Friday, November 14, 2014

Last week Mario Draghi, President of the ECB, said that the central bank’s Governing Council would “closely monitor and continuously assess the appropriateness of its monetary policy stance”, noting that this could change if the outlook for inflation worsened.
Luigi Speranza, an analyst at BNP Paribas, said that the survey’s findings signalled “that investors have started to have doubts on the ECB’s resolve or ability to push inflation back”.
He suggested that the ECB's analysis of risks from low inflation must be "flashing amber, if not red".
Prices rose by just 0.4pc in the year to October, edging up from 0.3pc in the preceding month.
The survey "challenges the ECB's credibility and its commitment to achieve its mandate, and as such, increases the pressure for additional monetary policy easing, in the form of full-blown quantitative easing", Mr Speranza said. .. Mr Draghi has previously warned that inflation must not permanently fall below 1pc "and thus into the danger zone".   Analysts also slashed their forecasts for eurozone growth for every year from 2014 to 2016, cutting their estimates for 2015 from 1.5pc to 1.2pc. 
The euro area as a whole may have entered its third technical recession since the financial crisis in the third quarter of this year.  The ECB wrote that "the balance of risks has become more clearly titled to the downside", as respondents noted geopolotical tensions in Ukraine, Russia, and the Middle East as posing risks to the euro area... I have been spouting for a while that surely credibility in the €Z/ECB must be osmosing away and Louie Hope agrees - an Italian working for a French bank, I presume. 'Luigi Speranza, an analyst at BNP Paribas, said that the survey’s findings
signaled “that investors have started to have doubts on the ECB’s resolve or ability to push inflation back”.  He suggested that the ECB's analysis of risks from low inflation must be "flashing amber, if not red"'   But I bet EU Daltonism continues, not because Mario is being obdurate because the arsenal is totally empty apart from 'Cypressing'....And here I was thinking low inflation was good.

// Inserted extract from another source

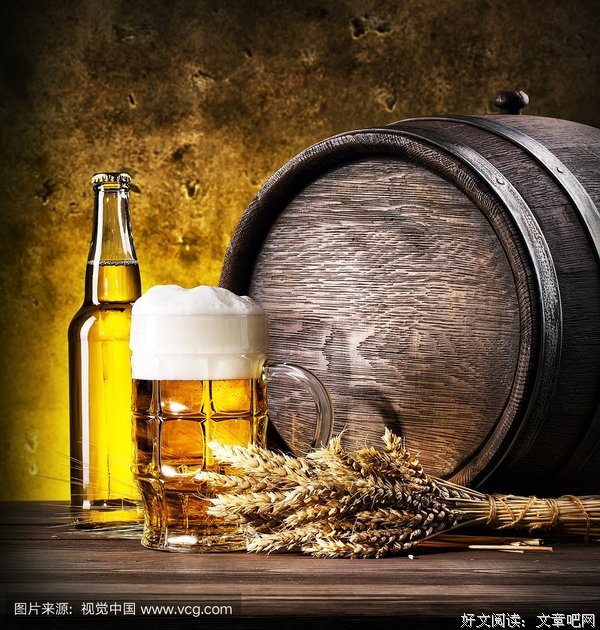 酒瘾上来了，就是毒药尚且觉着甜美，更何况是醋呢？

Silly me, I should know that inflation erodes debt. To savers and those on fixed incomes though its a disaster because it forces interest rates to be low. Thats good for borrowers, who can hike up their indebtedness beyond their ability to pay it back. So at some point in the future the governments can tax the savers to bail out the reckless borowers, who also happen to be the government as well. So thats all right, as this government has given itself the powers to just empty my bank accounts at will, with out having to get any judicial approval or prove I am guilty of anything. A savings tax and Ihvae control over it.